Beyond “Happiness”: 10 Ways to Increase Joy

Beyond “Happiness”: 10 Ways to Increase Joy

Beyond Happiness-10 Ways to Increase Joy; www.DrChristinaHibbert.comWe all want to “be happy,” don’t we? We want to feel well, have good times, and enjoy life. Certainly, happiness is a good thing.

We may feel happy when things go our way, when we get an unexpected surprise, or experience a moment of beauty. But in the same instant, happiness can vanish, because happiness is an emotion, a transient state of feeling.

 

Beyond “Happiness”

Instead, don’t we really want joy? Joy is deeper and more lasting. It’s not simply an emotion. “Joy…unlike happiness, is a state of being. We can be faced with challenges, situations, and life stress and still be joyful. Even when we don’t feel happy, we can be full of joy. ” (This is How We Grow, p. 335)

 

We can wait around to feel happy, or we can try to feel happy. Again, it’s not a bad thing to try and feel happy. However, most of society focuses on how to be “happier” by looking outside–by chasing happiness through trying to be more successful, beautiful, talented, by finding the perfect relationship, or simply by trying to have more fun. While these things can certainly bring feelings of happiness, unfortunately, those feelings don’t always last. 

 

Joy, on the other hand, comes from within. That’s why, even when circumstances change, joy remains. It is lasting, or can be, if practiced and cultivated.

 

Discovering & Uncovering Joy

Joy is a natural part of each of us. It comes from deep within, from our very soul. Unlike happiness, which is often situational or emotionally-based, joy is part of who we really are.

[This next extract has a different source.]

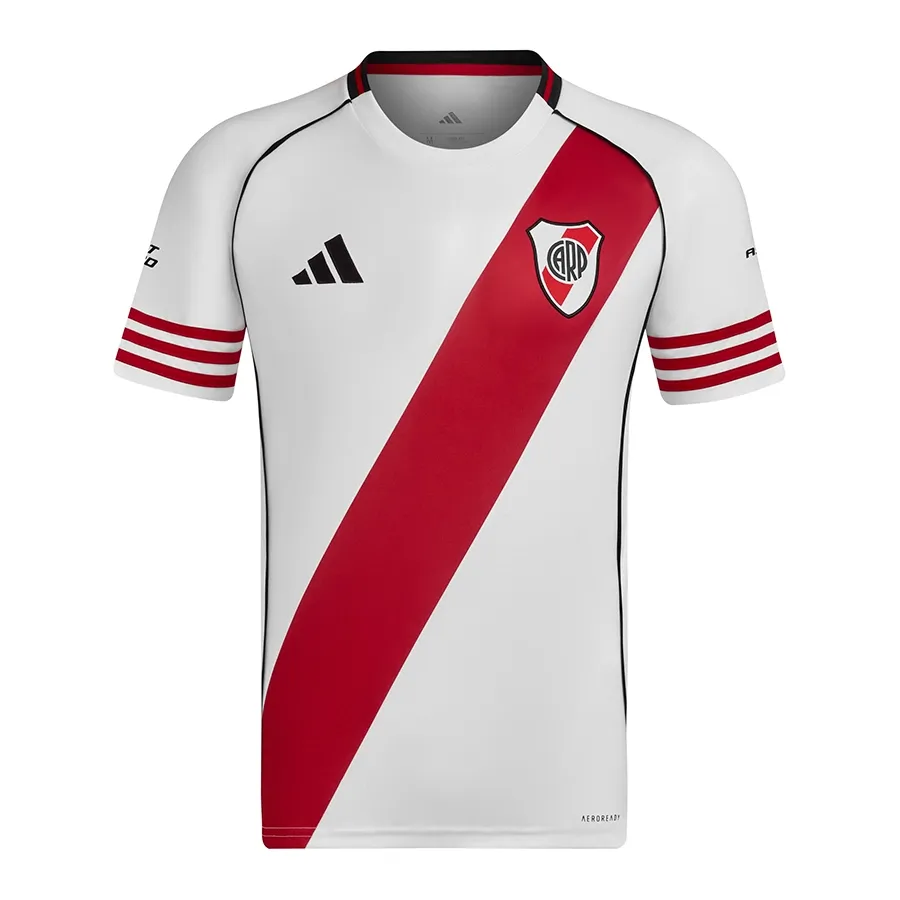 Imagen 0 de 3 de Camiseta adidas Titular River Plate 25/26-BLANCO/ROJO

I know, I know, some of you won’t believe what I’m saying here, but it’s true: Joy is part of who you are. It’s there, inside each of us, always. It’s just that life covers it up, so we can’t feel it. Think of joy as the sun and life stressors as the clouds and storms. Joy, like the sun, is always there; the trick is to dig beneath the cloudiness and uncover it.

 

10 Ways to Increase Joy

How can we uncover and increase our joy? Here are a few ideas to get us started.

 

1) Take good care of your body. Sleep, nutrition, exercise, and down time are all important to increasing joy, for they keep your body physically healthy and strong. When you’re too tired, for instance, joy will definitely feel more clouded. If you want more joy in your life, you have to take care of your body first and foremost.

 

2) Practice mindfulness.  Mindfulness involves paying attention to life as it happens–paying attention to now. Breathe deeply and look around you. Use all your senses to take in your world. Look for and see the good. Feel and breathe through the not-so-good. As we focus on the present moment, on the beauty around us, the love that is ours for the taking, we experience an increase of joy. (Read this for more ideas: Daily Mindfulness: 5 Ways to Put More “Being” Into What You’re “Doing”)

 

3) Cultivate healthy relationships. We are social beings, and relationships are a huge part of living a life of joy. Sure, our relationships might make us feel “happy” (and hopefully they do), but even more importantly, healthy relationships increase joy. By “healthy” I mean relationships based on unconditional love, where each person is free to be him or herself. Relationships that are encouraging, accepting, and honest. Or, this definition of love is a good way to define a healthy relationship: “The ability and willingness to allow those that you care for to be what they choose for themselves, without any insistence that they satisfy you.” (Dr. Wayne Dyer, Your Erroneous Zones) That is a relationship that will increase joy. (More on creating healthy relationships: 50 Ways to Love Your Loved Ones; 17 Secrets for Making Marriage Work; The Reconsideration Exercise; The 5 Love Languages)

 

4) Serve. Getting out of our own “problems” and “feelings” is one of the surest ways to increase joy. Volunteer for a cause that’s important to you. Make dinner for a friend in need. Watch a young mother’s children so she can get a break. Or, lend a listening ear to someone in need. Even helping a stranger carry groceries or smiling to everyone throughout your day will help joy shine deep within you.

 

5) Choose to grow. When hard times hit, instead of dwelling on how “bad” things are, see the opportunity for growth. Work on changing negative thoughts throughout the day, seeing each experience as a learning moment. Even if situations get particularly tough, if you can look at them through lenses of “growth,” you will still be able to tap into and feel moments of joy, and that will help you get through your hard times more smoothly and increase your joy in the long run. (For more, check out: 10 Ways I Choose to Grow Each Day; The Seasons of Personal Growth; This Is How We Grow Book; Join my “This is How We Grow” Personal Growth Group)

 

6) Play and enjoy life. We can take a lesson from kids, who not only are great at playing, but who still seem to feel and

A gorgeous view from my recent trip to Hawaii. Both relaxing and playing, I love to travel. Brings the joy right out of me!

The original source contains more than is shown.